Je suis d'Haïti, le seul pays francophone de la Caraïbe, puisque les autres terres d'expression française de la région sont des départements d'outre-mer.
J'écris dans deux langues qui ne se prennent ni ne s'éprennent pas: Le français et le créole.
Le premier domine le second en terme de statut. A l'inverse, le second est la langue de tout le monde, de toutes les couches sociales et des couche-tard.
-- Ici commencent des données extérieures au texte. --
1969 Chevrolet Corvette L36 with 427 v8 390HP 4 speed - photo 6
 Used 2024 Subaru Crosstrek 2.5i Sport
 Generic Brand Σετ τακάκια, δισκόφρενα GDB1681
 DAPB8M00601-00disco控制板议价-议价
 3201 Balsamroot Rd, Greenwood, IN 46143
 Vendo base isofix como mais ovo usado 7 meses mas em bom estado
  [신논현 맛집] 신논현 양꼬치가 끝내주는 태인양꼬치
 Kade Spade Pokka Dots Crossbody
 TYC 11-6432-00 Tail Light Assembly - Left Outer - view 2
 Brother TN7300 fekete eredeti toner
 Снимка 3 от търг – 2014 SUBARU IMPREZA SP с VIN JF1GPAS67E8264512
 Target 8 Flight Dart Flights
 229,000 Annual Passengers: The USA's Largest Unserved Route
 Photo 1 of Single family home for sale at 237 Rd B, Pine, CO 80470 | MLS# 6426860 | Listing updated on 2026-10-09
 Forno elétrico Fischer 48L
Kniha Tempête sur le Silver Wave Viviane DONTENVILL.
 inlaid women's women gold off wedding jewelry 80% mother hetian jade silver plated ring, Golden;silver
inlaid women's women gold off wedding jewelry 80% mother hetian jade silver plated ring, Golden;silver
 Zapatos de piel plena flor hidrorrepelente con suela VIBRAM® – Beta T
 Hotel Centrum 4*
Pour moi écrivain, il n'y a nul mur de Berlin, nulle frontière qui séparent les deux "territoires linguistiques". En moi, elles sont toutes deux confondues. J'en ai fait un cœuritoire, lieu par lequel se déversent tous les accents, toutes les syllabes, bleues, rouges, vertes, dans leur siamoise différence. Je ne me disperse, ni ne m'ampute, je suis pute de deux langues qui doivent en moi se contaminer. Tous mes lecteurs francophones, s'il en existe, sont des porteurs potentiels de mes vices de créolophone. Je n'ai pas d'amour à proprement parler pour le français, le rapport que j'entretiens avec cette langue est d'ordre charnel. Mais...très charnel. À lire comme dans les films interdits au moins de 15 ans!)